In response to the arrival of ride-sourcing arrangements such as UberX, and GoCatch, state governments announced reforms to the regulation of taxi and ride-sourcing industries.
These reforms include industry assistance payments to taxi licence holders, which help:
- offset the impacts of new regulatory regimes
- taxi licence holders compete under new industry arrangements.
Depending on the state, industry assistance payments to eligible taxi licence holders include:
- one-off transitional assistance payments to help transition to the new regulatory arrangements
- recurring hardship or income support payments. These are means-tested in some states.
These rules also apply to state government payments made to hire car and limousine licence holders.
Some states made further announcements that their industry assistance payments are to be funded through the introduction of a passenger movement levy on metropolitan taxi and ride-sourcing trips.
Income tax consequences of payments
If you hold a taxi licence (including a hire car or limousine licence) and you receive an industry assistance payment from your state government in relation to the licence (excluding a licence surrender payment), it's generally not a capital receipt. It’s more likely to be ordinary income as it's a government transitional assistance and hardship payment made to licence holders to:
- assist them to continue operating
- compensate them for loss of income.
Licence holders are required to include the full amount of the payment in their assessable income.

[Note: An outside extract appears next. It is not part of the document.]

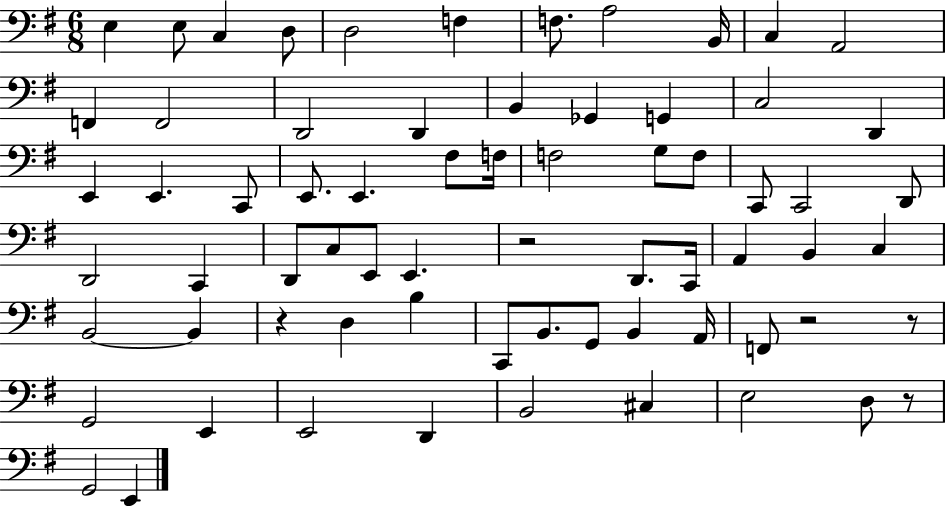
E3/q E3/e C3/q D3/e D3/h F3/q F3/e. A3/h B2/s C3/q A2/h F2/q F2/h D2/h D2/q B2/q Gb2/q G2/q C3/h D2/q E2/q E2/q. C2/e E2/e. E2/q. F#3/e F3/s F3/h G3/e F3/e C2/e C2/h D2/e D2/h C2/q D2/e C3/e E2/e E2/q. R/h D2/e. C2/s A2/q B2/q C3/q B2/h B2/q R/q D3/q B3/q C2/e B2/e. G2/e B2/q A2/s F2/e R/h R/e G2/h E2/q E2/h D2/q B2/h C#3/q E3/h D3/e R/e G2/h E2/q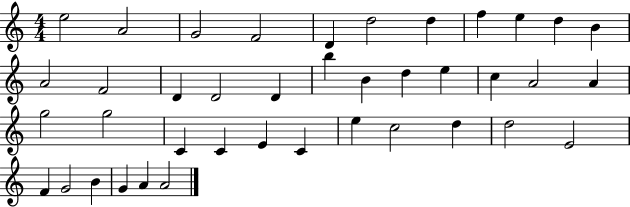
E5/h A4/h G4/h F4/h D4/q D5/h D5/q F5/q E5/q D5/q B4/q A4/h F4/h D4/q D4/h D4/q B5/q B4/q D5/q E5/q C5/q A4/h A4/q G5/h G5/h C4/q C4/q E4/q C4/q E5/q C5/h D5/q D5/h E4/h F4/q G4/h B4/q G4/q A4/q A4/h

The payments are generally not capital receipts (also known as capital proceeds) because the licence holder isn't required to give up or sell their taxi licence plate, or finish their business.
If a licence holder leaves the industry after receiving the transitional assistance or hardship payment, the payment may be included in calculating the capital gain or loss made by the licence holder when they surrendered or sold the taxi licence.
If you seek legal or professional tax advice about these payments, you can claim a tax deduction for the costs.
Victorian Taxi Reform Fairness Fund
We note the decision of the Administrative Appeals Tribunal (AAT) in the matter of Bains and Commissioner of Taxation  AATA 2477Opens in a new window about payments made to licence holders from the Victorian Taxi Reform Fairness Fund. The AAT found that these payments are not income according to ordinary concepts. This decision is only relevant to Victorian Taxi Licence owners who received a payment from the Victorian Taxi Reform Fairness Fund. It does not include payments from the Victorian Taxi Reform Hardship Fund or the Victorian Transition Assistance payments.
Having your past assessments reviewed
If you received a payment from the Victorian Taxi Reform Fairness Fund in the 2017–18 income year and included that in your income tax return, you will need to complete an objection form to have us review your past assessment.
Please ensure you complete Question 10 (the extension of time section) to set out why the objection was not lodged within the time limit. In response to this question, you should state that you have become aware of the recent Bains AAT case that decided that payments made under the Victorian Taxi Reform Fairness Fund are not assessable income.
As part of your objection, you must include:
- A statement that the objection relates to the Victorian Taxi Reform Fairness Fund.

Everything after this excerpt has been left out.